5.2.3.7.  Pre-filter

   In the pre-filter, the input signal is filtered using the spectral
   valley de-emphasis filter coefficients from the noise shaping
   analysis (see Section 5.2.3.3).  By applying only the noise shaping
   analysis filter to the input signal, it provides the input to the
   noise shaping quantizer.

5.2.3.8.  Noise Shaping Quantizer

   The noise shaping quantizer independently shapes the signal and
   coding noise spectra to obtain a perceptually higher quality at the
   same bitrate.

   The pre-filter output signal is multiplied with a compensation gain G
   computed in the noise shaping analysis.  Then, the output of a
   synthesis shaping filter is added, and the output of a prediction
   filter is subtracted to create a residual signal.  The residual
   signal is multiplied by the inverse quantized quantization gain from
   the noise shaping analysis and input to a scalar quantizer.  The
   quantization indices of the scalar quantizer represent a signal of
   pulses that is input to the pyramid range encoder.  The scalar
   quantizer also outputs a quantization signal, which is multiplied by
   the quantized quantization gain from the noise shaping analysis to
   create an excitation signal.  The output of the prediction filter is
   added to the excitation signal to form the quantized output signal
   y(n).  The quantized output signal y(n) is input to the synthesis
   shaping and prediction filters.

RFC6716 - Page 150

   Optionally, the noise shaping quantizer operates in a delayed
   decision mode.  In this mode, it uses a Viterbi algorithm to keep
   track of multiple rounding choices in the quantizer and select the
   best one after a delay of 32 samples.  This improves the rate/
   distortion performance of the quantizer.

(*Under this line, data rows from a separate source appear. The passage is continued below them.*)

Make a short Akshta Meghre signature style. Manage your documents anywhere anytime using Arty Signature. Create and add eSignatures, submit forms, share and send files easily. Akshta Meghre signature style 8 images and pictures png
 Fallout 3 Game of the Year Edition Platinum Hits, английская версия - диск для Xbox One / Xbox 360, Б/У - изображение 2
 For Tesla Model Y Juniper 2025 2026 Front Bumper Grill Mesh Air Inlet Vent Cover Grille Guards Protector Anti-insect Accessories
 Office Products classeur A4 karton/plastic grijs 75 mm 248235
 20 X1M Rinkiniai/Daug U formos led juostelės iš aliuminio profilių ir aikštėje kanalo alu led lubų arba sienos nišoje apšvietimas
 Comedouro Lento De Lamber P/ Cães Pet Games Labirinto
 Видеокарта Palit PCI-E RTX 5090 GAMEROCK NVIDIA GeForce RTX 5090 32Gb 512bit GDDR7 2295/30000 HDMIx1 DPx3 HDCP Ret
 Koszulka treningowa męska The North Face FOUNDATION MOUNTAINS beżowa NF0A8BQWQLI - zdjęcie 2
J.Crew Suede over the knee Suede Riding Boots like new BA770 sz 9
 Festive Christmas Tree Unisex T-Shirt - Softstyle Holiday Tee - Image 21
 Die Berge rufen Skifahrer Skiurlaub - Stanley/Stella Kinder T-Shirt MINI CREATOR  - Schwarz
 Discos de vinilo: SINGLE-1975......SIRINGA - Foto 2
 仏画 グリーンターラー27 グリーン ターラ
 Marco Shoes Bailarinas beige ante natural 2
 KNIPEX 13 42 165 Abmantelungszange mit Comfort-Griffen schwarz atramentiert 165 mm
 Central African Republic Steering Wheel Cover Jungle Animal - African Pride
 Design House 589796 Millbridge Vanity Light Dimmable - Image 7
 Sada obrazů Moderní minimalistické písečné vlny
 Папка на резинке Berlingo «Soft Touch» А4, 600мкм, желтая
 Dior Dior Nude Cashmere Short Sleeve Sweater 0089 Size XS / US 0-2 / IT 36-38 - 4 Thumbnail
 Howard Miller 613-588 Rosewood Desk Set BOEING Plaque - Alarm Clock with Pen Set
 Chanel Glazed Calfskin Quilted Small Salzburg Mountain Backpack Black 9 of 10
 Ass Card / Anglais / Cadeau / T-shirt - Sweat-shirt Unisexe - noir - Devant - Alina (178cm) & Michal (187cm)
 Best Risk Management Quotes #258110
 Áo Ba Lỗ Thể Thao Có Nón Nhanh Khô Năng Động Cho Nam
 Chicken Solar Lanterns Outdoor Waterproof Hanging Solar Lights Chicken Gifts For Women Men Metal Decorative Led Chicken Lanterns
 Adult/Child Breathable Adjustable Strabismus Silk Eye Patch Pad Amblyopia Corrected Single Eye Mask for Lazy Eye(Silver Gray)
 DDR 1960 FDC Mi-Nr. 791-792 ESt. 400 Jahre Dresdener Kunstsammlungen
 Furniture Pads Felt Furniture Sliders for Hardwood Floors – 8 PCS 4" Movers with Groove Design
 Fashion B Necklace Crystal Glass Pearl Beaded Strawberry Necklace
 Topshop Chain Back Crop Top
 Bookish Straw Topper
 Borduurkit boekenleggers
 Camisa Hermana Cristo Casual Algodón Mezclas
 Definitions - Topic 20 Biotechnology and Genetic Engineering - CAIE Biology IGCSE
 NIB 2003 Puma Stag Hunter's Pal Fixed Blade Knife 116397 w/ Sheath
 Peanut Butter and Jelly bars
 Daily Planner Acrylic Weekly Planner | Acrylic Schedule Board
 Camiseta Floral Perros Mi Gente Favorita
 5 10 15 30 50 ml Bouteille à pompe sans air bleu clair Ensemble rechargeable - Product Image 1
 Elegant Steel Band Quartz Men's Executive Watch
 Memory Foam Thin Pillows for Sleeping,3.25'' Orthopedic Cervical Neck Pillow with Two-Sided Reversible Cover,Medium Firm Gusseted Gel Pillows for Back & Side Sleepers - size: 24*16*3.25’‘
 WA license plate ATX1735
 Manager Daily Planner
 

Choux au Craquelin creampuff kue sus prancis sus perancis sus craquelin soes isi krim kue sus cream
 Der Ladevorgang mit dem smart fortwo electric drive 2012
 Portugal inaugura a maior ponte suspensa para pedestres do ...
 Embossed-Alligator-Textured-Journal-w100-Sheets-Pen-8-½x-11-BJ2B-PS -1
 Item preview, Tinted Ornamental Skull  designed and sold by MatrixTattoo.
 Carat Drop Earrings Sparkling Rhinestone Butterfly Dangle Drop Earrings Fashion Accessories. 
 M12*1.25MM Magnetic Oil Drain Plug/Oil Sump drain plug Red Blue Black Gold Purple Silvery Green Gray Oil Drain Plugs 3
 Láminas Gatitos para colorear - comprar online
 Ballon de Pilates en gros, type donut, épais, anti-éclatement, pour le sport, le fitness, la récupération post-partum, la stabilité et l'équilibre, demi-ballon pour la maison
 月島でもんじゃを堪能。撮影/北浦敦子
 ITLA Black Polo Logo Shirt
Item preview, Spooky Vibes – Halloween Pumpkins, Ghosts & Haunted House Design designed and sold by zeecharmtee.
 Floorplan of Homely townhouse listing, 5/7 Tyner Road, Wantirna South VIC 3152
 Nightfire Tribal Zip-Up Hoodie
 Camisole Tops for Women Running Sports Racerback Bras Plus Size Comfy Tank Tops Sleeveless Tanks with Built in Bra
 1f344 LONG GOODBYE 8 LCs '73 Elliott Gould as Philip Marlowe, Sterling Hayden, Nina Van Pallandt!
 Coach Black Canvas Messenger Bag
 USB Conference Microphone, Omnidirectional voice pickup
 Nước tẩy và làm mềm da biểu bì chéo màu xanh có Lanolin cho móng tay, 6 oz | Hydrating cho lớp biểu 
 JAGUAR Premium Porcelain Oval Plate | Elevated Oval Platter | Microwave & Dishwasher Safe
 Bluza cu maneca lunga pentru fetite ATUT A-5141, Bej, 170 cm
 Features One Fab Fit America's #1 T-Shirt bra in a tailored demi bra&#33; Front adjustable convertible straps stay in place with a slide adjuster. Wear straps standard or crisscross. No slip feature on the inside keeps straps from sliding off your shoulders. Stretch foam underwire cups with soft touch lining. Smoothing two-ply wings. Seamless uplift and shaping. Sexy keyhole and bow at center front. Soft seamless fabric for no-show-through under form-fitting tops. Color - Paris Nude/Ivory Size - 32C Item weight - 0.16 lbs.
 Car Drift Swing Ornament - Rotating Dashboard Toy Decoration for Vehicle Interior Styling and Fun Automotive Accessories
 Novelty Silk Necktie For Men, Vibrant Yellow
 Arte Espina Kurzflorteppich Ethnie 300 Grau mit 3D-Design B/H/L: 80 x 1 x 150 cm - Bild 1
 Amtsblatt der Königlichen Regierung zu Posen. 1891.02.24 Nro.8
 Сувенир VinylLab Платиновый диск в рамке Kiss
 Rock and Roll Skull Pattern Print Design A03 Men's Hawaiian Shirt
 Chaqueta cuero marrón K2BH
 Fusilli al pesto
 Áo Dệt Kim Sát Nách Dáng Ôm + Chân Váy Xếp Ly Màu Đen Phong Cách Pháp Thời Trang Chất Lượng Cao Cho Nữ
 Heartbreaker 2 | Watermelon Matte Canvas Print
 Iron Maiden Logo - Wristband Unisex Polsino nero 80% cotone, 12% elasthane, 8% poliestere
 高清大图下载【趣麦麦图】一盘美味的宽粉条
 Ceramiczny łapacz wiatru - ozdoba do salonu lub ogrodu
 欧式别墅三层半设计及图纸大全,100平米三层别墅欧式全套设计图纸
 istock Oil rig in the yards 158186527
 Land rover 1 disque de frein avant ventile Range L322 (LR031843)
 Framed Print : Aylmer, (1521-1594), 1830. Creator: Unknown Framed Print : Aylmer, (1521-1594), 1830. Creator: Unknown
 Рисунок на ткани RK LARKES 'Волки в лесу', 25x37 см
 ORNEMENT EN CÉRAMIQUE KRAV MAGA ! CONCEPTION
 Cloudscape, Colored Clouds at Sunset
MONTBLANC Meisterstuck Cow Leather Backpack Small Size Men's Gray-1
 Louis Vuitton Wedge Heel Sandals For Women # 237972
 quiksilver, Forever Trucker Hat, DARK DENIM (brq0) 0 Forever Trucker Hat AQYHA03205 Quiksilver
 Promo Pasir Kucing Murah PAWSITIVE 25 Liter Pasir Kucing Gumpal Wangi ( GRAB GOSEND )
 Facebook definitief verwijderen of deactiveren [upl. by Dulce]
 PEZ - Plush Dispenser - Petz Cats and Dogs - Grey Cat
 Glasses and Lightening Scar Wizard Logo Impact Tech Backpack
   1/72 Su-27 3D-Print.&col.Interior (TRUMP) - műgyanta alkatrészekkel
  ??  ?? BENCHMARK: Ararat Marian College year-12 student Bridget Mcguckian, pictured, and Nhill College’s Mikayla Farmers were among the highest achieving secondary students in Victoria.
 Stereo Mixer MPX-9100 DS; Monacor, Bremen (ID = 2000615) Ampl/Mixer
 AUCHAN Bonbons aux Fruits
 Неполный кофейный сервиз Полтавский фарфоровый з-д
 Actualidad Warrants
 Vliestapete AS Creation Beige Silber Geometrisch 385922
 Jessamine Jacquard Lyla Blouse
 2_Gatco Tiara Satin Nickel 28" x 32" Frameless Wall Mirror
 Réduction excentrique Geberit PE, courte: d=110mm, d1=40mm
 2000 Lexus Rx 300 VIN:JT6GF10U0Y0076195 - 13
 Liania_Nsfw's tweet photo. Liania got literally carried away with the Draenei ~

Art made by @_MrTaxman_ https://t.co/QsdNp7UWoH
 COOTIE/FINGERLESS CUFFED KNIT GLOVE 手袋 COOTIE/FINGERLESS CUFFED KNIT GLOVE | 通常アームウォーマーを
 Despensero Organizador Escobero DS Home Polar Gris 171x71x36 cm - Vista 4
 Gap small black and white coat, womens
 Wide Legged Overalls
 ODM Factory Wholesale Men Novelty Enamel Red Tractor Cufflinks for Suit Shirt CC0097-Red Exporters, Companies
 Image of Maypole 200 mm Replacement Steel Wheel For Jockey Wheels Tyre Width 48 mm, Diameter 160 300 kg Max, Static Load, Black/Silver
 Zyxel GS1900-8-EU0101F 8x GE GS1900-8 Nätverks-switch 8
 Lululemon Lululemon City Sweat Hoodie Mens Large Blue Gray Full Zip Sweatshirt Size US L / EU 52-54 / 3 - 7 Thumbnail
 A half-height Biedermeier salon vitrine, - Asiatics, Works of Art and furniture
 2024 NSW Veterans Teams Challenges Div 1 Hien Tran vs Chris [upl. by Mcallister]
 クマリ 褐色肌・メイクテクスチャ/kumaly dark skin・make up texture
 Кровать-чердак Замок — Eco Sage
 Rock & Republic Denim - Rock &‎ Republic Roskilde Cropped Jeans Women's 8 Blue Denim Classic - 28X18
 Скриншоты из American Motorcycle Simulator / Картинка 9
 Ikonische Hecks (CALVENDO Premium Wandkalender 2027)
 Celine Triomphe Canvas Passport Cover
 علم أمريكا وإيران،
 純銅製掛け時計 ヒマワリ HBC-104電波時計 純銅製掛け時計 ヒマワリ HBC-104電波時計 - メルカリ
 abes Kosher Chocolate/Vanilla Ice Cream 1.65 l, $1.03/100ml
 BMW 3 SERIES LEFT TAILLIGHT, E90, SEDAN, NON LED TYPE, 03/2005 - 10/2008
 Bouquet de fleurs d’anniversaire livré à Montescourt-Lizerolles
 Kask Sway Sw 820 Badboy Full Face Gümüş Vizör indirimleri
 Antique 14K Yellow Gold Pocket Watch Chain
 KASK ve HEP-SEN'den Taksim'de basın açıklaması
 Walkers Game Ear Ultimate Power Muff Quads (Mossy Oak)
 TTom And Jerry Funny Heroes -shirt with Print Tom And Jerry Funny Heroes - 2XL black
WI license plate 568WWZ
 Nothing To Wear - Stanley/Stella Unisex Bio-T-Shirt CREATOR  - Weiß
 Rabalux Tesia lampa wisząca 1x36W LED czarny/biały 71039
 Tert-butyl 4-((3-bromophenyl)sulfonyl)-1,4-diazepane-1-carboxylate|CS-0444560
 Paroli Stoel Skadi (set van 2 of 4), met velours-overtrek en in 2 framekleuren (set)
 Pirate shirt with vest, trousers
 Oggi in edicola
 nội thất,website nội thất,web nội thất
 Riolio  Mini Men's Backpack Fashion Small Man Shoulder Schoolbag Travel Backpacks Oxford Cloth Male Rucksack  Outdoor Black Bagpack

5.2.3.9.  Constant Bitrate Mode

   SILK was designed to run in variable bitrate (VBR) mode.  However,
   the reference implementation also has a constant bitrate (CBR) mode
   for SILK.  In CBR mode, SILK will attempt to encode each packet with
   no more than the allowed number of bits.  The Opus wrapper code then
   pads the bitstream if any unused bits are left in SILK mode, or it
   encodes the high band with the remaining number of bits in Hybrid
   mode.  The number of payload bits is adjusted by changing the
   quantization gains and the rate/distortion trade-off in the noise
   shaping quantizer, in an iterative loop around the noise shaping
   quantizer and entropy coding.  Compared to the SILK VBR mode, the CBR
   mode has lower audio quality at a given average bitrate and has
   higher computational complexity.

5.3.  CELT Encoder

   Most of the aspects of the CELT encoder can be directly derived from
   the description of the decoder.  For example, the filters and
   rotations in the encoder are simply the inverse of the operation
   performed by the decoder.  Similarly, the quantizers generally
   optimize for the mean square error (because noise shaping is part of
   the bitstream itself), so no special search is required.  For this
   reason, only the less straightforward aspects of the encoder are
   described here.

5.3.1.  Pitch Pre-filter

   The pitch pre-filter is applied after the pre-emphasis.  It is
   applied in such a way as to be the inverse of the decoder's post-
   filter.  The main non-obvious aspect of the pre-filter is the
   selection of the pitch period.  The pitch search should be optimized
   for the following criteria:

   o  continuity: it is important that the pitch period does not change
      abruptly between frames; and

   o  avoidance of pitch multiples: when the period used is a multiple
      of the real period (lower frequency fundamental), the post-filter
      loses most of its ability to reduce noise

RFC6716 - Page 151

5.3.2.  Bands and Normalization

   The MDCT output is divided into bands that are designed to match the
   ear's critical bands for the smallest (2.5 ms) frame size.  The
   larger frame sizes use integer multiples of the 2.5 ms layout.  For
   each band, the encoder computes the energy that will later be
   encoded.  Each band is then normalized by the square root of the
   *unquantized* energy, such that each band now forms a unit vector X.
   The energy and the normalization are computed by
   compute_band_energies() and normalise_bands() (bands.c),
   respectively.

5.3.3.  Energy Envelope Quantization

   Energy quantization (both coarse and fine) can be easily understood
   from the decoding process.  For all useful bitrates, the coarse
   quantizer always chooses the quantized log energy value that
   minimizes the error for each band.  Only at very low rate does the
   encoder allow larger errors to minimize the rate and avoid using more
   bits than are available.  When the available CPU requirements allow
   it, it is best to try encoding the coarse energy both with and
   without inter-frame prediction such that the best prediction mode can
   be selected.  The optimal mode depends on the coding rate, the
   available bitrate, and the current rate of packet loss.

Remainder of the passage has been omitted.